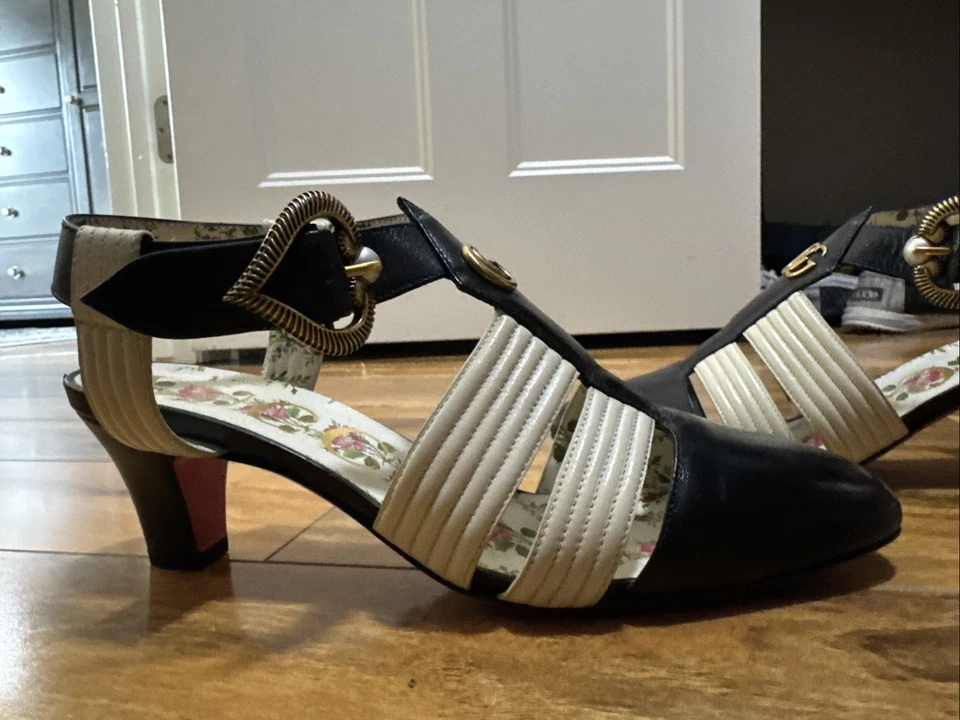 🩷Gucci Black Leather Heel/Pumps 37.5 7.5 37 7 (adjustable) 🩷 - Image 3 of 4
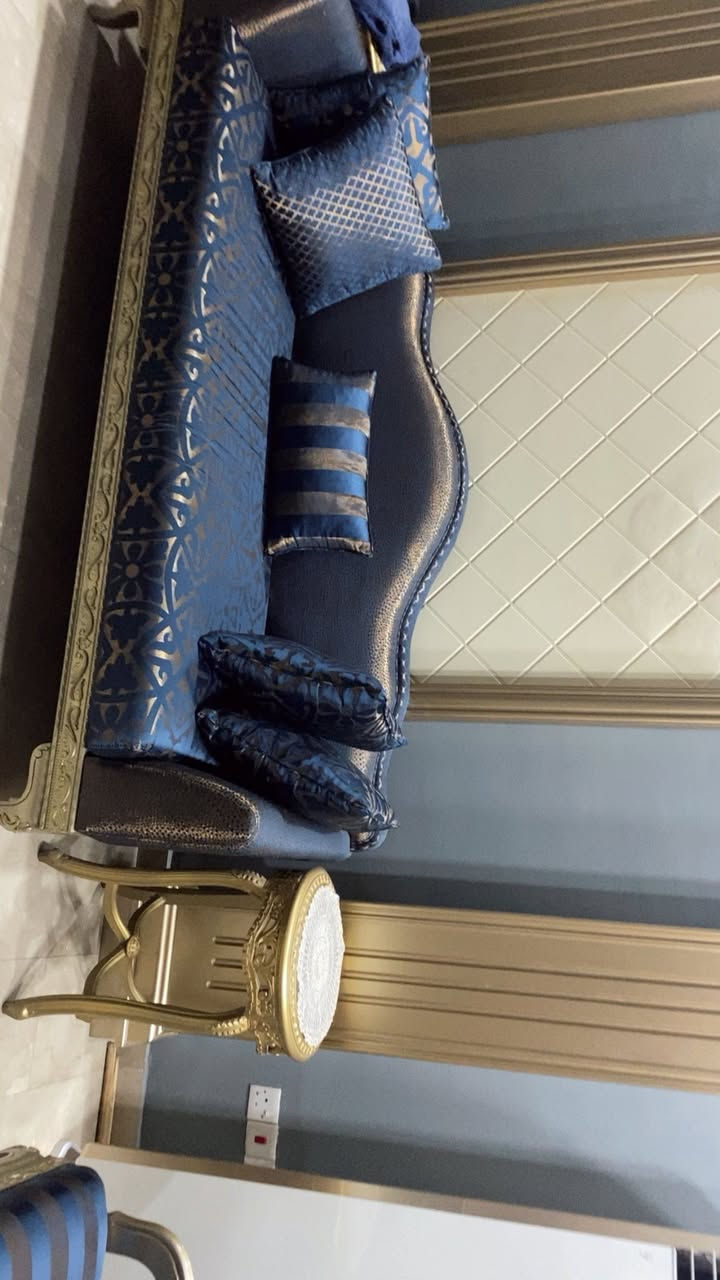 السلام عليكم… تخم جديد من المختار سنتر ٨ مقاعد بمليون وربع


**إذا كنت صاحب هذا الإعلان وتريد حذفه لأي سبب، رجاءا أرسل رسالة إلى الدعم الفني**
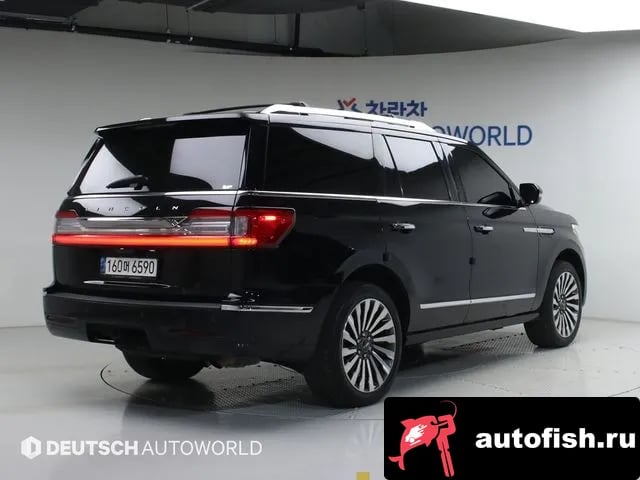 Lincoln Navigator Navigator 4th generation 2021 года - вид 2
********
#### Your assignment
The result should be the listing above, restated exactly, with no pictures in it.

#### Answer to this exercise
 🩷Gucci Black Leather Heel/Pumps 37.5 7.5 37 7 (adjustable) 🩷 - Image 3 of 4
 السلام عليكم… تخم جديد من المختار سنتر ٨ مقاعد بمليون وربع


**إذا كنت صاحب هذا الإعلان وتريد حذفه لأي سبب، رجاءا أرسل رسالة إلى الدعم الفني**
 Lincoln Navigator Navigator 4th generation 2021 года - вид 2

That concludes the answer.